After six months of intense strategic fire-bombing of 67 Japanese cities the Japanese government ignored an ultimatum given by the Potsdam Declaration. By executive order of President Harry S. Truman the U.S. dropped the nuclear weapon "Little Boy" on the city of Hiroshima on Monday, August 6, 1945, followed by the detonation of "Fat Man" over Nagasaki on August 9. These are the only use of nuclear weapons in war. The target was chosen as Hiroshima was a city of considerable military importance, containing Japan's Second Army Headquarters, as well as being a communications center and storage depot. Within the first two to four months of the bombings, the acute effects killed 90,000–166,000 people in Hiroshima and 60,000–80,000 in Nagasaki, with roughly half of the deaths in each city occurring on the first day.
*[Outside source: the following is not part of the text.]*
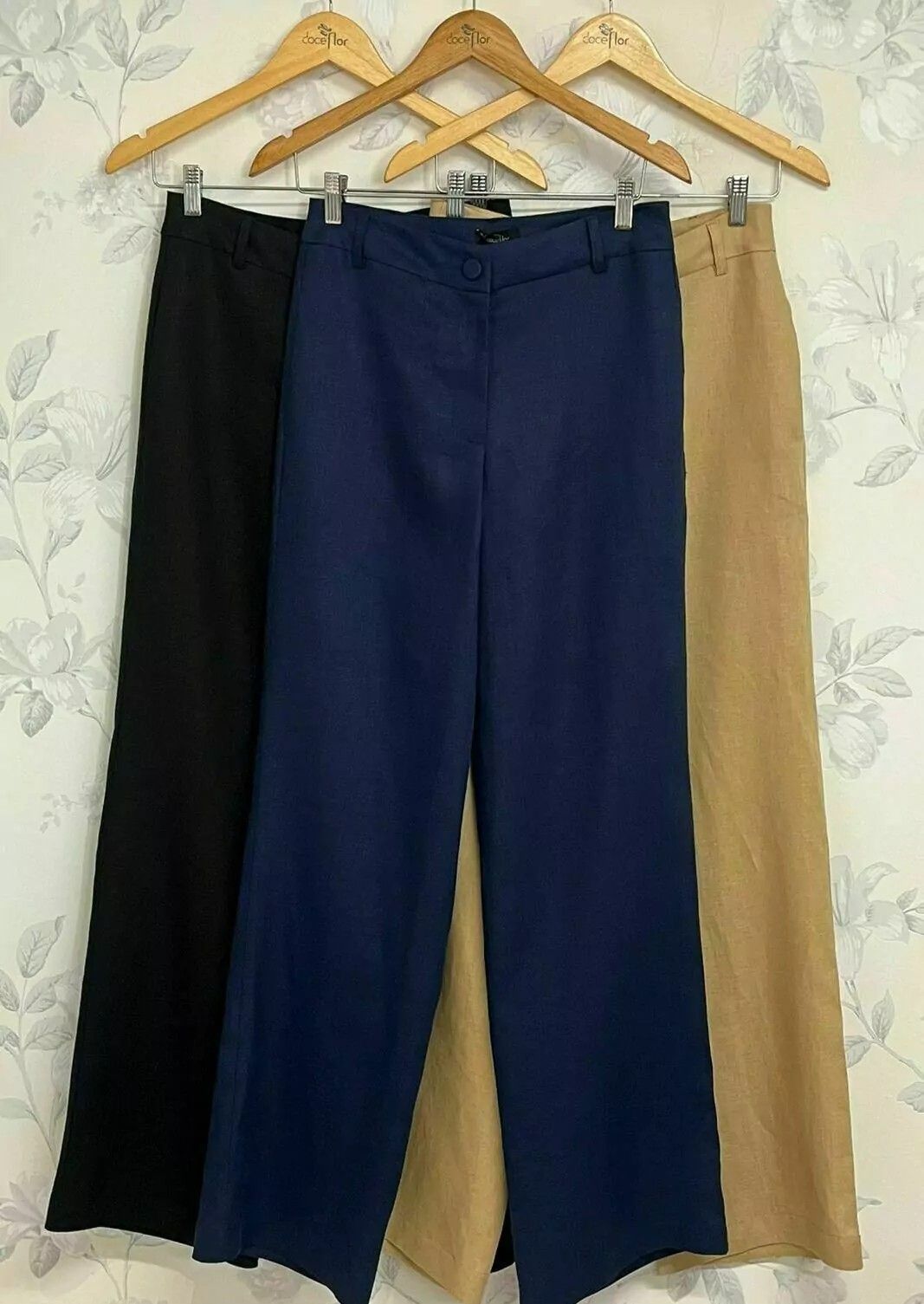 Calça Reta 100% Linho Natural - Doce Flor Calça Reta 100% Linho Natural - Doce Flor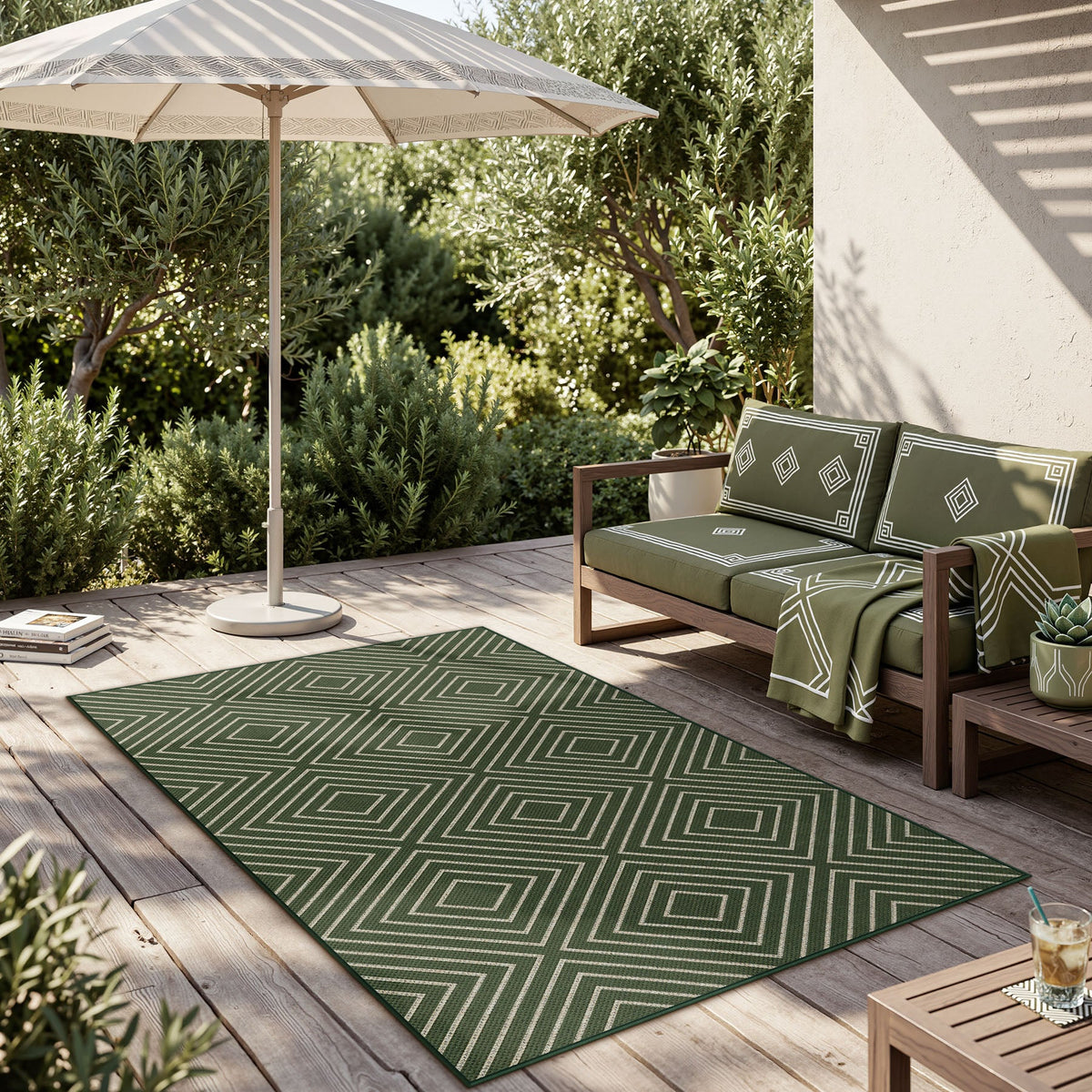 Geometric Easy Jute Area Rug, Washable Non Slip Indoor Outdoor Patio Entryway Rug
The Hiroshima prefectural health department estimates that, of the people who died on the day of the explosion, 60% died from flash or flame burns, 30% from falling debris and 10% from other causes. During the following months, large numbers died from the effect of burns, radiation sickness, and other injuries, compounded by illness. A plausible estimate of the total immediate and short term cause of death, 15–20% died from radiation sickness, 20–30% from flash burns, and 50–60% from other injuries, compounded by illness. Hibakusha In both cities, most of the dead were civilians.